Diversos estudios han señalado que estas prácticas favorecen el apego seguro, ayudan a disminuir el estrés posparto, fortalecen la confianza parental y contribuyen al desarrollo emocional y psicomotor de los niños durante sus primeros meses de vida.
En el CESFAM Padre Orellana, la propuesta incorpora además una dimensión comunitaria. Cada jueves, en los llamados «Jueves de abrazos y danzas», las participantes comparten una sesión de aproximadamente una hora y media donde la música, el movimiento y la conversación se convierten en herramientas para fortalecer la maternidad.
«La danza es una herramienta que utilizamos para poder conectarnos tanto con los bebés como con las compañeras. Bailamos en círculo y después realizamos una ronda del corazón, donde conversamos sobre temas relacionados con la maternidad y también sobre aquello que las mamás necesitan compartir en ese momento», explicó Natalia Valverde.
Las usuarias participan junto a sus hijos utilizando portabebés ergonómicos, permitiendo que el movimiento se transforme en una experiencia compartida que fortalece el vínculo afectivo mientras favorece la contención emocional de las madres.
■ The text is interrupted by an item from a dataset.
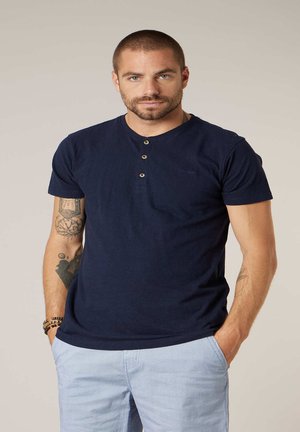 Mann mit kurzen Haaren und Tätowierungen trägt ein marineblaues Henley-Shirt und hellblaue, gestreifte Hosen, steht mit den Händen in den Taschen.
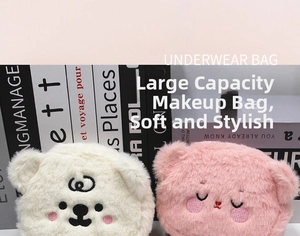 Detail of plush bear cosmetic bags in pink and white with delicate embroidered expressions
Canciones que hablan de maternidad
Durante la presentación realizada en la Cuenta Pública, las participantes interpretaron dos coreografías especialmente significativas: «Guerrera» y «Tejiendo Alas», canciones escogidas por las propias madres debido al profundo significado que tienen para ellas.
«Guerrera invita a las mamás a sentirse valoradas y poderosas, reconociendo que todo lo que han hecho por sus hijos lo hicieron con la mejor intención posible. Tejiendo Alas habla de la espera, del embarazo y de cómo imaginamos ese primer encuentro con nuestros bebés. Son canciones muy importantes para ellas porque las conectan con esa etapa de sus vidas», relató la docente.
Otro de los aspectos que caracteriza al taller es la forma en que finaliza cada encuentro. En lugar de aplausos o celebraciones ruidosas, el grupo realiza un saludo silencioso para respetar el descanso de los bebés.
«Muchas veces los bebés se quedan dormidos durante la danza. Por eso terminamos en silencio. Así evitamos despertarlos bruscamente y cuidamos ese momento de tranquilidad tanto para ellos como para sus mamás», señaló Natalia Valverde.
Un espacio abierto todo el año
Actualmente el Taller de Danza Porteo se desarrolla exclusivamente en el CESFAM Padre Orellana y permanece abierto durante todo el año. La participación es dinámica, ya que muchas madres asisten mientras se encuentran con licencia posnatal y luego son reemplazadas por nuevas usuarias que comienzan el mismo proceso.
Más que un taller recreativo, la iniciativa se ha transformado en una estrategia de promoción de la salud, fortaleciendo el bienestar emocional, la crianza respetuosa y el acompañamiento comunitario en una de las etapas más importantes de la vida familiar.
Con este tipo de programas, la Dirección de Salud de la Municipalidad de Santiago continúa impulsando acciones innovadoras que complementan la atención clínica tradicional, promoviendo una salud integral centrada en las personas, sus vínculos y el fortalecimiento de las comunidades.